> **WHAT YOU NEED TO DO**: What the task requires is an exact printout of the listing below, pictures excluded.

> **DATASET EXTRACT**:

=== Begin Enclosure ===

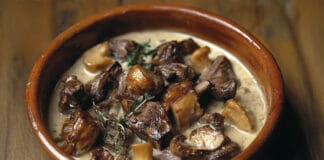 Sanglier à la Crème et aux Champignons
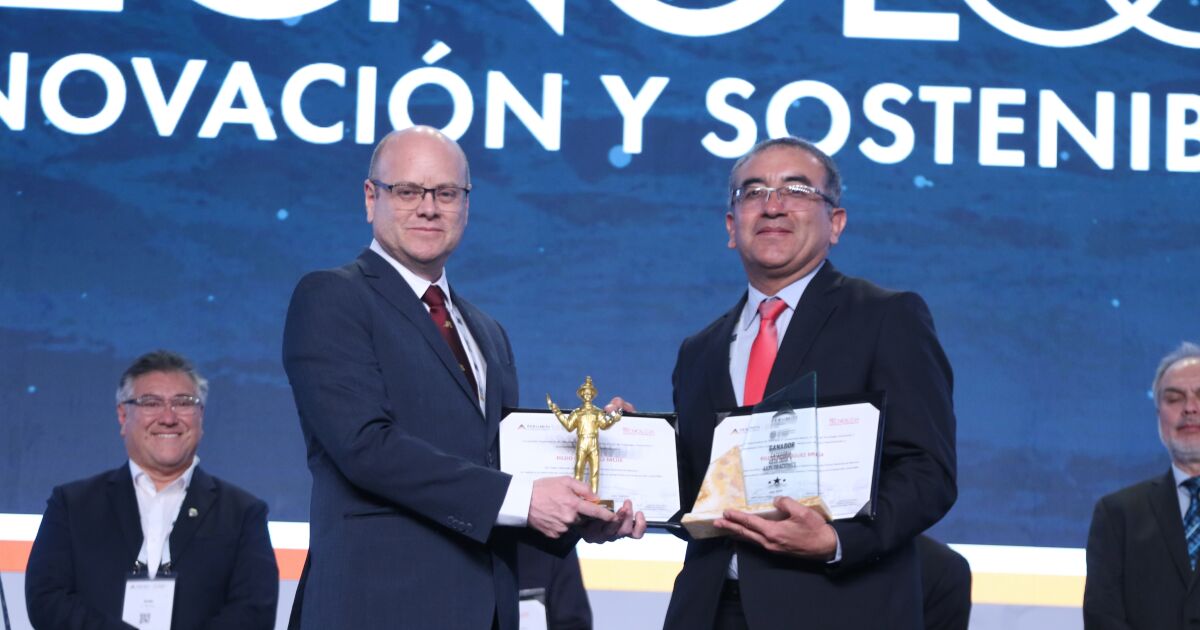 Rildo Rodríguez, del Ingemmet, obtiene el Premio Nacional de Minería en PERUMIN 37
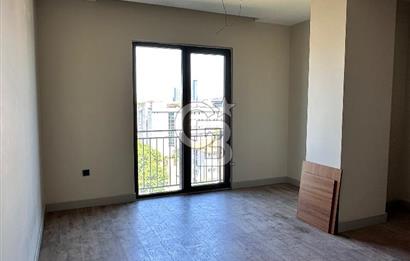 Batı Ataşehir Otto Barbaros’ta Satılık 1+1 Daire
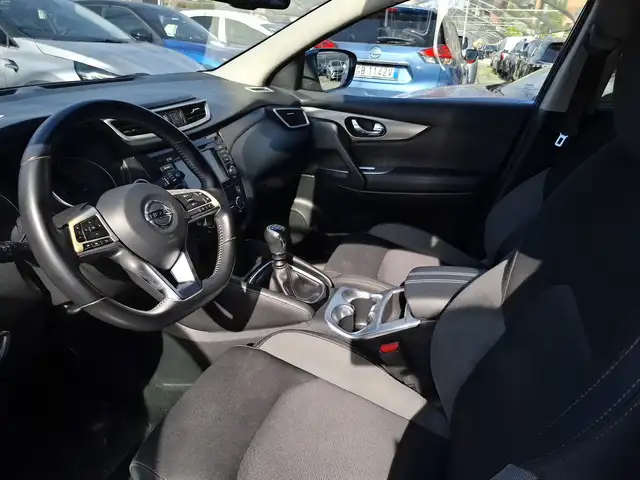 Nissan Qashqai view 14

=== End Enclosure ===

> **EXERCISE SOLUTION**:
 Sanglier à la Crème et aux Champignons
 Rildo Rodríguez, del Ingemmet, obtiene el Premio Nacional de Minería en PERUMIN 37
 Batı Ataşehir Otto Barbaros’ta Satılık 1+1 Daire
 Nissan Qashqai view 14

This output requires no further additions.